[<prev] [next>] [<thread-prev] [thread-next>] [day] [month] [year] [list]
Message-ID: <4D31A8F1.4080301@weinigel.se>
Date: Sat, 15 Jan 2011 15:02:25 +0100
From: Christer Weinigel <christer@...nigel.se>
To: Russell King - ARM Linux <linux@....linux.org.uk>
CC: Saravana Kannan <skannan@...eaurora.org>,
Jeremy Kerr <jeremy.kerr@...onical.com>,
Lorenzo Pieralisi <Lorenzo.Pieralisi@....com>,
Vincent Guittot <vincent.guittot@...aro.org>,
linux-sh@...r.kernel.org,
Ben Herrenschmidt <benh@...nel.crashing.org>,
Sascha Hauer <s.hauer@...gutronix.de>,
linux-kernel@...r.kernel.org,
Uwe Kleine-König
<u.kleine-koenig@...gutronix.de>,
linux-arm-kernel@...ts.infradead.org
Subject: Re: Locking in the clk API
On 01/12/2011 10:03 AM, Russell King - ARM Linux wrote:
> That never has been, and that is called for the _system_ going into
> suspend. That's not what I'm talking about. I'm talking about drivers
> doing their own power management in response to (a) their knowledge of
> how the device behaves and (b) in response to the user state they know.
>
> In the case of a UART, that means enabling the clock when the user opens
> the device and turning it off when the user closes the device - and in
> the case of the UART being used as the system console, enabled when
> printk calls it, disabled when finished outputting the message.
>
> The latter is a case where you're called in atomic context.
This feels a bit like perfect being the enemy of good.
On platforms that need to sleep to enable the UART clock, configuring
the UART as the kernel console should be equivalent to userspace opening
the UART device, i.e. enable the clock.

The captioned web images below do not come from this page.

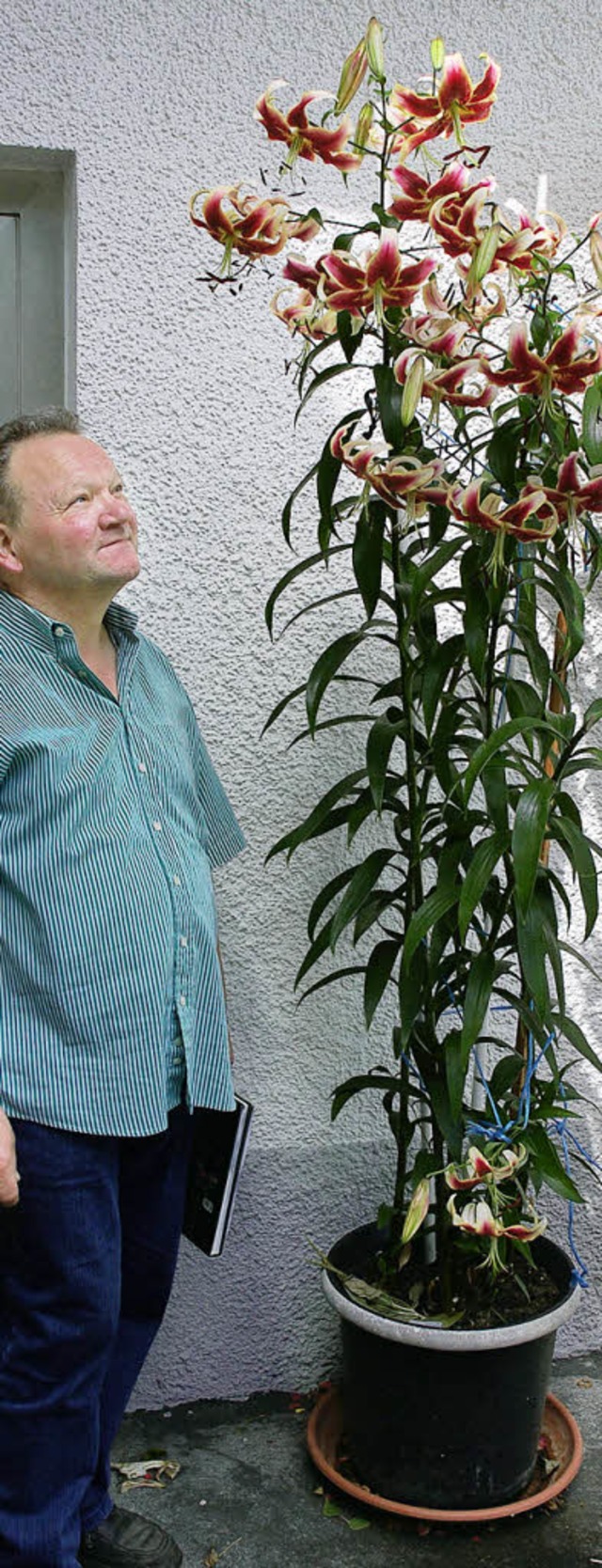 Werner Ebser und seine Prachtlilie Scheherazade   | Foto: Karin Maier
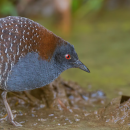 A blue and tan bird.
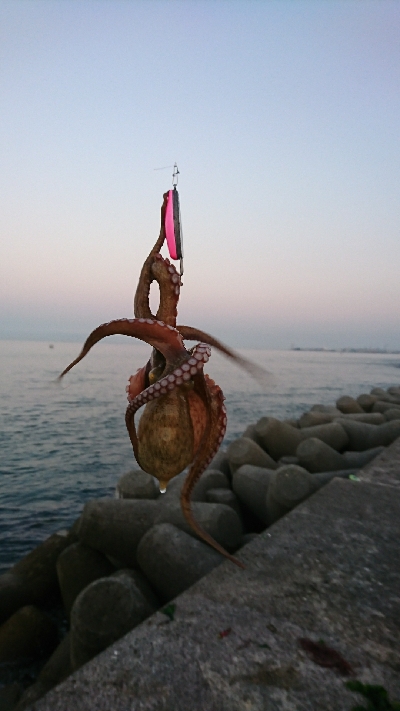 色んな釣りをして…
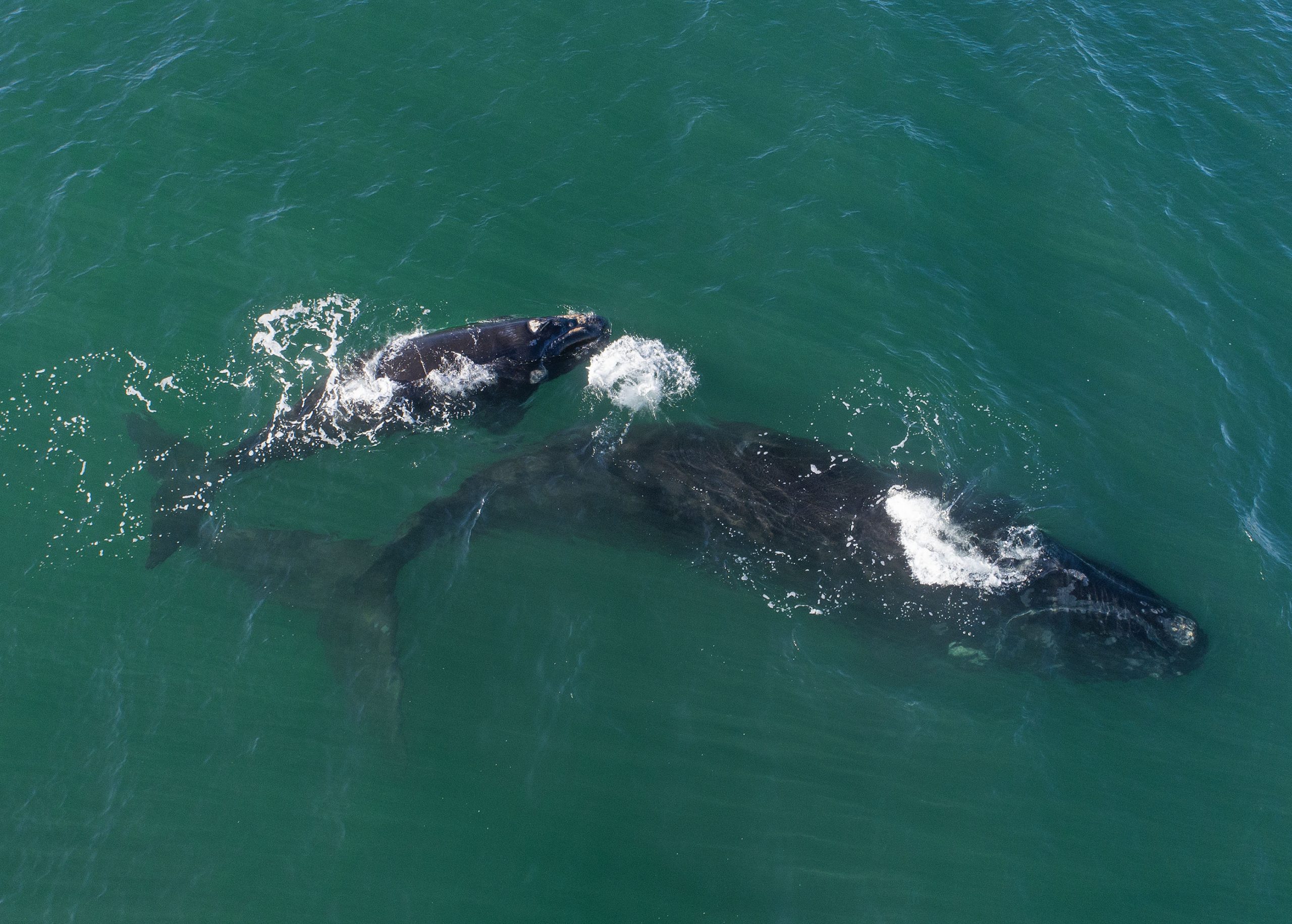 企鹅鲸鱼齐聚南非开普敦 近距离观赏濒危海洋生物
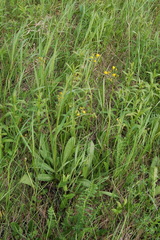 Crepis praemorsa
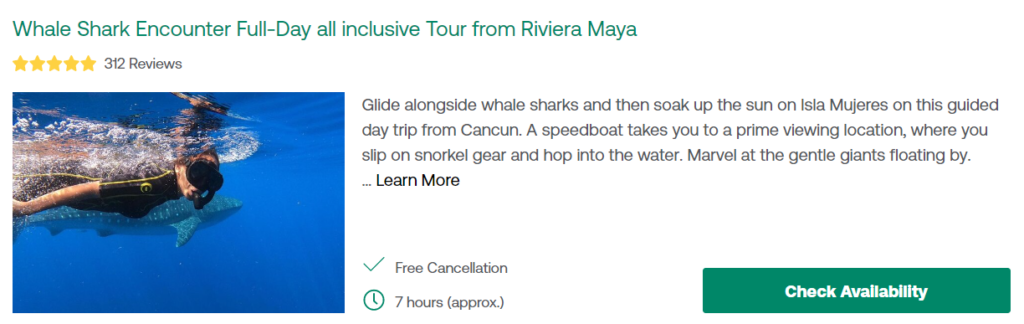 Whale Shark Encounter Full-Day all inclusive Tour from Riviera Maya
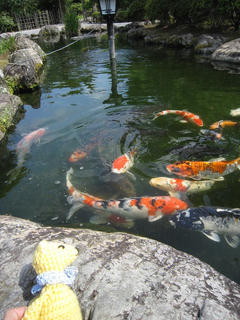 0712IMG_5699.jpg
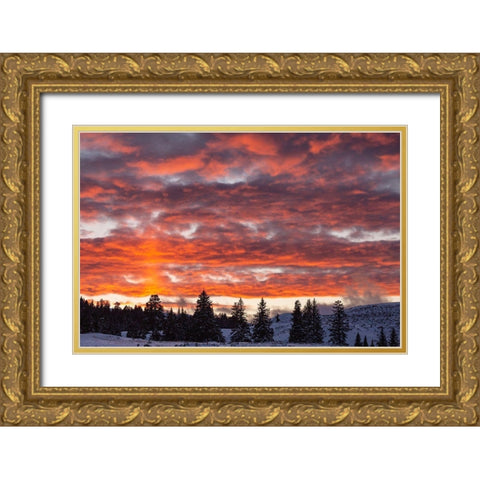 Winter Sunset in Lamar Valley, Yellowstone National Park Gold Ornate Wood Framed Art Print with Double Matting by The Yellowstone Collection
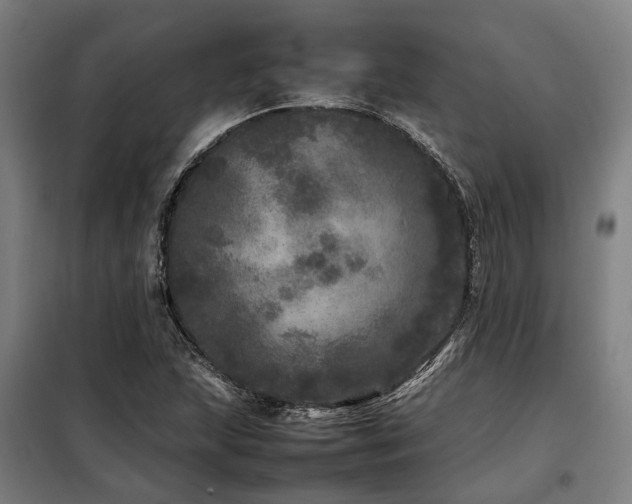 X0000098121215200804041400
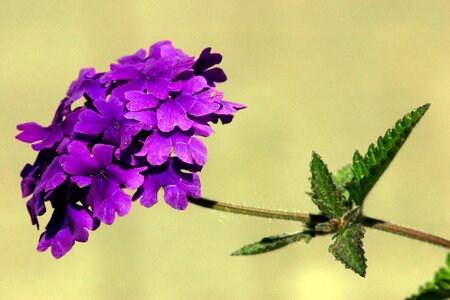 Ornamental flower violet purple photo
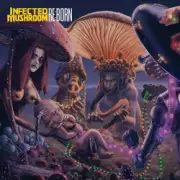 Обложка: Infected Mushroom - UMF Radio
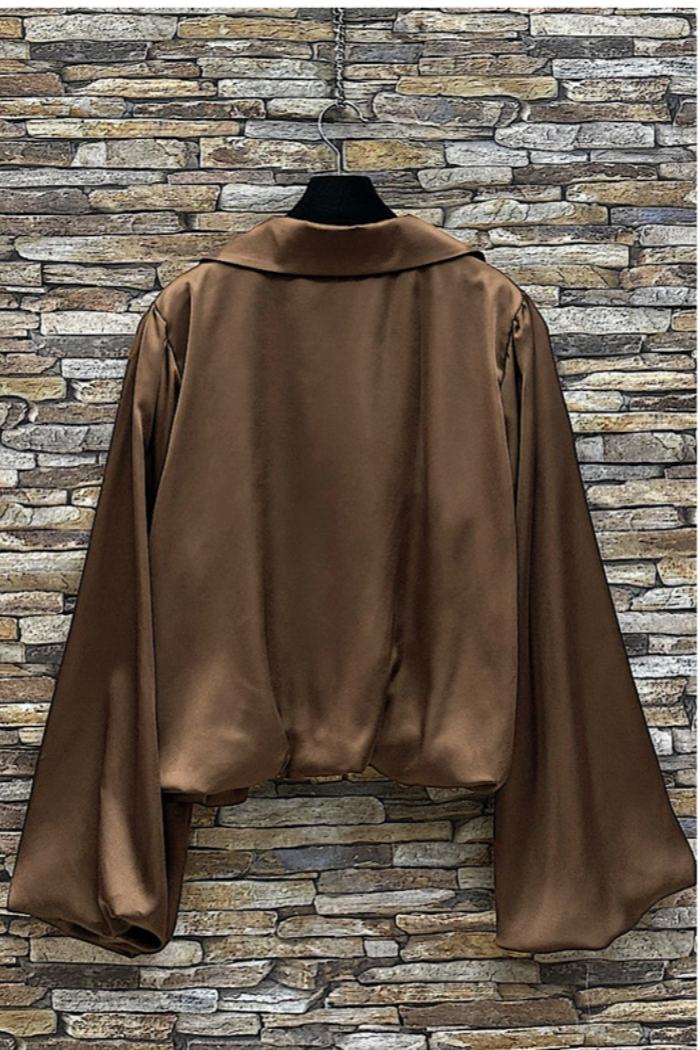 Satin Balloon Sleeve Blouse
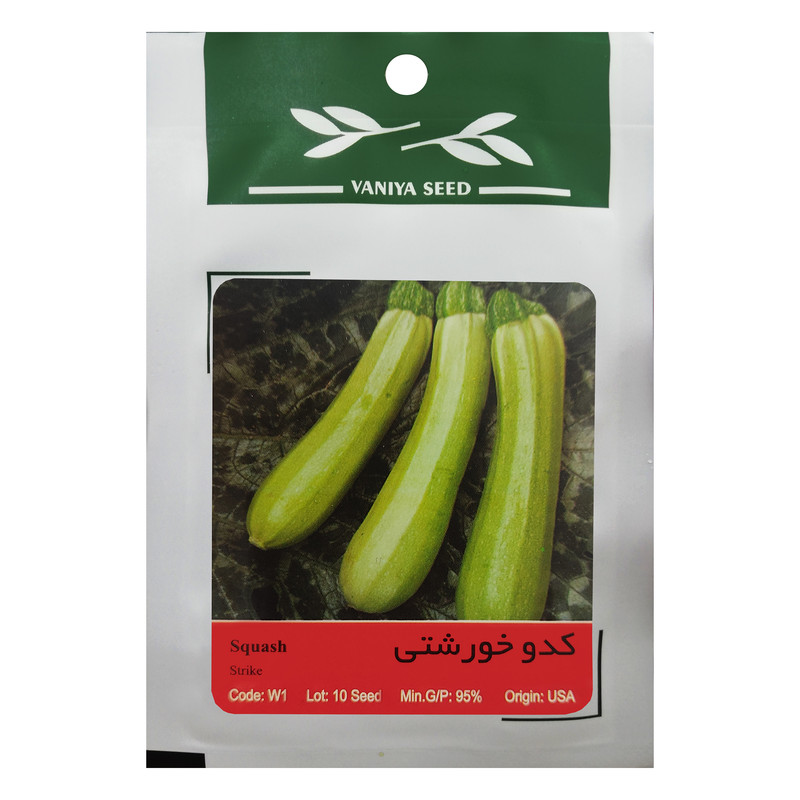بذر کدو خورشتی وانیا سید مدل W1 بذر کدو خورشتی وانیا سید مدل W1
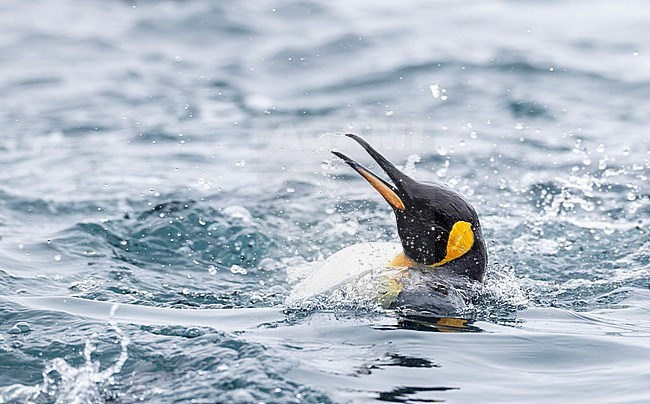 Swimming King Penguin (Aptenodytes patagonicus halli) off the coast on Macquarie Island, subantarctic Australia. Bading itself in the surf. stock-image by Agami/Marc Guyt,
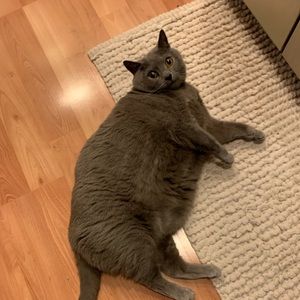 Meet your Posher, Diana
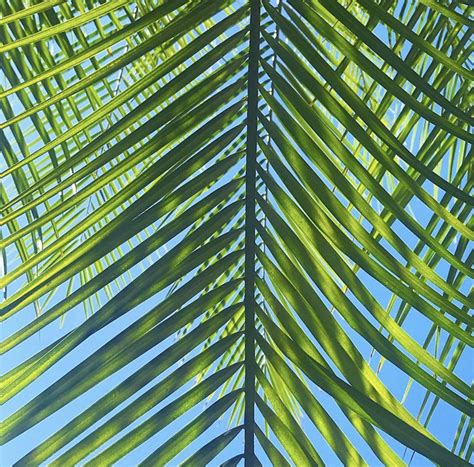 Pin By Carol On COSTA RICA Punta Islita Leaf Photography Palm Tree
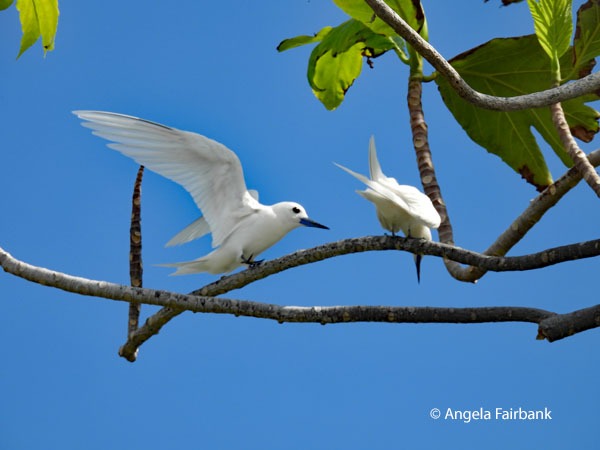 pair of blue-billed white terns (Gygis candida)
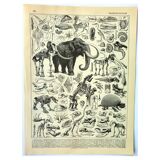 Botanical engraving 1897 A. Millot - Paleontology 2, prehistory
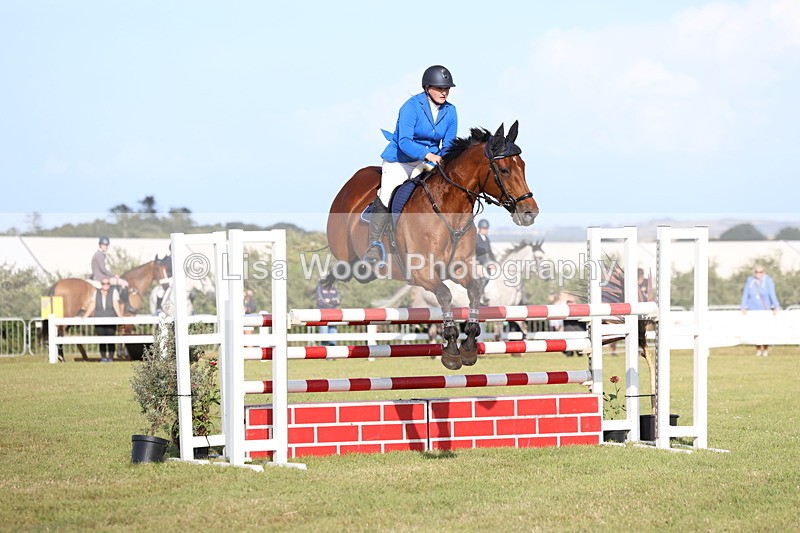 3E7A4377 - Class C: Showjumping Senior Foxhunter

At least to me that feels like
an acceptable tradeoff, and if I wanted to save the last bit of power
I'll have to refrain from using UART as the kernel console.
If both printk to the console and disabling the clock is really really
neccesary, add a clk_enable_busywait, but that will be a bit of a hack.
> Another case - a storage device. While you may receive open/close calls,
> these are meaningless for power management - you'll receive an open call
> when you mount a filesystem, and a close call when you finally unmount it.
> That doesn't mean it's going to be used. Your request handler will
> generally run in an atomic context, so in order to do dynamic power
> saving you need to be able to enable/disable clocks in that context.
> A touchscreen controller which you communicate with over a dedicated bus.
> The touchscreen controller doesn't require the host to be constantly
> clocked - it only needs to be clocked when communicating with the
> touchscreen. The touchscreen controller raises an interrupt for service.
> You'd want to enable the clock in the interrupt handler to communicate
> with the device and turn it off afterwards.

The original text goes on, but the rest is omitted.